Il va falloir attendre 1980 pour que le statut de co-exploitante soit créé, les agricultrices vont alors être autorisées à accomplir les actes administratifs indispensables à la gestion de l’exploitation mais il va cependant leur falloir attendre la création de l’exploitation agricole à responsabilité limitée (EARL) en 1985 pour devenir de vraies associées. La loi n°85-697 du 11 juillet 1985 individualise les tâches et leurs responsabilités des associés, mais il s’agit toutefois d’une identité professionnelle et non d’un droit personnel.
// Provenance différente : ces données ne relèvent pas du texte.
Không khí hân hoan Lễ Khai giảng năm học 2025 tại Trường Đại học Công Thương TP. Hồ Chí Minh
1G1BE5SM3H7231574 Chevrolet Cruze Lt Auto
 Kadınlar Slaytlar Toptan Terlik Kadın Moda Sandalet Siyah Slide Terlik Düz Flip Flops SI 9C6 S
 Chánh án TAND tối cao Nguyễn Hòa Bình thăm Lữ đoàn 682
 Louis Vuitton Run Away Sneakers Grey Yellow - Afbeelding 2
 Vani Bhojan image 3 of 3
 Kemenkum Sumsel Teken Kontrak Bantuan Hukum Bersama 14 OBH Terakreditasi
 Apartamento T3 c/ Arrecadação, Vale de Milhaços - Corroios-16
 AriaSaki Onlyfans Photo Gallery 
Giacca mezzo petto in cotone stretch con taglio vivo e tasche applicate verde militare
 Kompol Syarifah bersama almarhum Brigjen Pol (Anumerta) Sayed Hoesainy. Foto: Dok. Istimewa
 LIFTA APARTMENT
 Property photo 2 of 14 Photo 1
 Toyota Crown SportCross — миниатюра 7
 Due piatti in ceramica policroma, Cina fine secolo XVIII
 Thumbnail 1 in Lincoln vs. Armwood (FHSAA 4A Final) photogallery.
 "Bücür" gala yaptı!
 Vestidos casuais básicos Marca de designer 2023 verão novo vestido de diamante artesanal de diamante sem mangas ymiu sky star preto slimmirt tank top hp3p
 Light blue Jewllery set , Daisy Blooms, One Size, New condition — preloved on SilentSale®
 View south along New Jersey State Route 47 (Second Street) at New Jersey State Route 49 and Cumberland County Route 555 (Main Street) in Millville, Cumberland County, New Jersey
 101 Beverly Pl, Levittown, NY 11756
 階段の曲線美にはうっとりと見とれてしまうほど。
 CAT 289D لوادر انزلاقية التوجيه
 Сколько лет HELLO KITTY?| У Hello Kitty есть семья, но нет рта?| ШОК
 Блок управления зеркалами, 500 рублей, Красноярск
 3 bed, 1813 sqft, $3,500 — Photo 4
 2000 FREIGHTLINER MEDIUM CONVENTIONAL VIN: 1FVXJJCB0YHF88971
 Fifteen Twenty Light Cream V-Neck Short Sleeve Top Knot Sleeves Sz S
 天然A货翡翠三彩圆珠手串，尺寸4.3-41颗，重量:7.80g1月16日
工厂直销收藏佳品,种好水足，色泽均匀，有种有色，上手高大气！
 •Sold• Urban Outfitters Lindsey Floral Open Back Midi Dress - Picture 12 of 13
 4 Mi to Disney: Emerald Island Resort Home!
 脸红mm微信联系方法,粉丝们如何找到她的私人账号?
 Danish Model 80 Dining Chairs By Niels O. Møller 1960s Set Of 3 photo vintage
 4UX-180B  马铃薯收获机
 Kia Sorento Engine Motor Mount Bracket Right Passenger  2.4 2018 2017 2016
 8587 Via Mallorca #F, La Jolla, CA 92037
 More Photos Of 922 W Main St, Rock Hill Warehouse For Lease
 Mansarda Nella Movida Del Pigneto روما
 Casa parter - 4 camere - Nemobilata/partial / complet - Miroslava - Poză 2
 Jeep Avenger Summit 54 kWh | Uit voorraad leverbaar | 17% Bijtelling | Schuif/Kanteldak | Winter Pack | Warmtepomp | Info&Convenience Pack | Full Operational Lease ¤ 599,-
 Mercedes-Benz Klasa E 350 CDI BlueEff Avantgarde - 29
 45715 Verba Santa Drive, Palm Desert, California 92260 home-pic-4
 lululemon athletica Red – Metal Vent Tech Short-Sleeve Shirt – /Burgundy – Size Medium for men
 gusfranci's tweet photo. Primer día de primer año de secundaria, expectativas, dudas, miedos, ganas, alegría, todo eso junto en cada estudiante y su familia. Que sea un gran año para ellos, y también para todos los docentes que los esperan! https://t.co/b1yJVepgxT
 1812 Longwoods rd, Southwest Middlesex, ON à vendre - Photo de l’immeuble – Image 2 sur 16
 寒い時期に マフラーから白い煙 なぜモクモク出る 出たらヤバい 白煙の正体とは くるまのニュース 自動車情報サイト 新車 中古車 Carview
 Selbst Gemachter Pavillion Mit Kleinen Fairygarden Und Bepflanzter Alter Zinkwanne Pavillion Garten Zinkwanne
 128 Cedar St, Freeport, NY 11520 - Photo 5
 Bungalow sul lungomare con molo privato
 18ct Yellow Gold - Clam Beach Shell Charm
Une nouvelle étape est franchie avec la loi d’orientation agricole n° 99-574 du 9 juillet 1999 qui institue le statut de « conjoint collaborateur » qui peut être considéré comme un réel progrès, en particulier en matière de protection sociale des agricultrices. La revendication sous-entendue dans le reportage de 1979 d’une étendue de la couverture sociale pour les conjointes d’exploitants est acquise en 2006 et la revendication de l’égalité juridique personnelle revendiquée par les femmes du mouvement des Paysans travailleurs trouve son aboutissement en 2011 avec l’instauration du GAEC entre époux. Par ailleurs, les femmes ont fait leur entrée dans le milieu fermé et traditionnellement exclusivement masculin de la représentation agricole puisque lors du renouvellement de 2013 des délégués des chambres d’agriculture, les listes devaient au moins comprendre un tiers de femmes. Trois femmes président désormais une chambre d’agriculture.Le combat des Vendéennes des années 1970 paraît ainsi avoir porté ses fruits.